To run these scripts, you need the following tools:
- Python
- R
- Gephi
First, you will run the process_all.py
script. In order to run it, you need to first open the file in any text editor and change the path to the exported file from Filemaker. Then, open a terminal, change to the correct directory and type python process_all.py
.
This will create a file called AllLetters_Proc.csv
, which contains the parsed information from the original file. You will then use R to compute some basic statistics.
Open the R file ranks_nomerge.R
and change the paths in this file as well. You will then run this file by, e.g., clicking the Source button in RStudio. Note that before running this script, you will need to install a few R packages. You can do that by typing:
install.packages('plyr')
install.packages('SDMTools')
In the RStudio console. You will only need to do this once.
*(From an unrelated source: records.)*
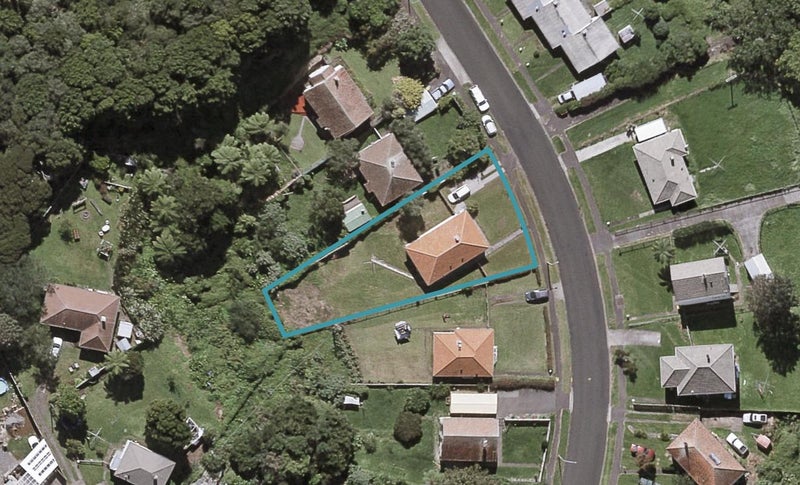 80 Glenpark Avenue, Frankleigh Park, New Plymouth - Carousel 1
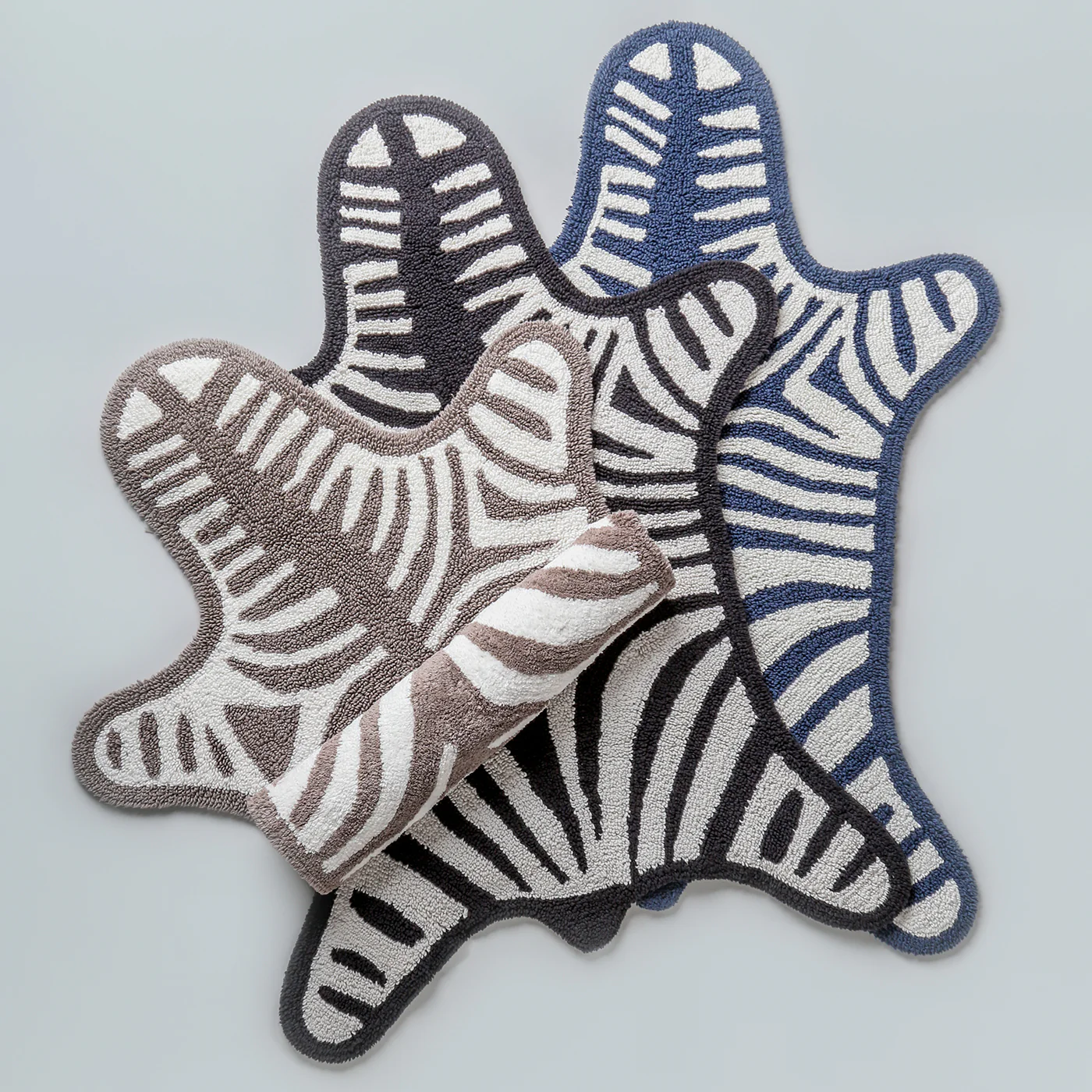 Reversible Zebra Bath Mat - Image 3
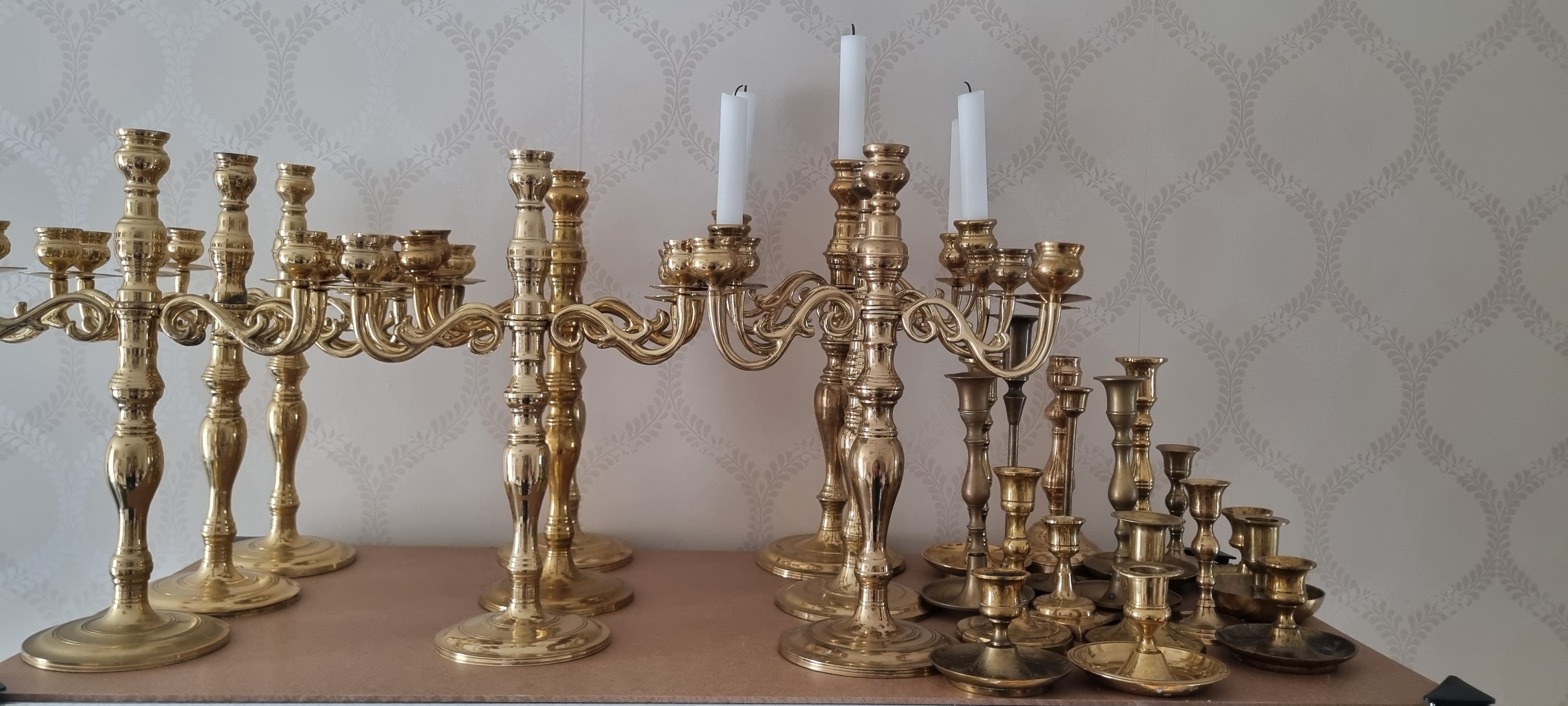 Ljusstakar och kandelabrar i mässing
After running this R Script, you can load your data into Gephi. Load the Nodes csv first by going to data laboratory and clicking import spreadsheet, then finding the all_letter_nodes.csv
file. You will need to do the following:
- Change the data type to
double
for anything that is a number (there will be a lot of these!) - After loading, copy the column data from rankname to label
Then, you can load in the all_letter_edges.csv
file as an edge table.
The upper left hand panel in the Overview tab will let you map rank information to color and size. I like using meanrank as size and wsd as color. The variable wsd here stands for the weighted standard deviation - a measure of confidence in a node's rank.
The layout options we've been using start with the YiFan Hu proportional, but you can do whatever looks good!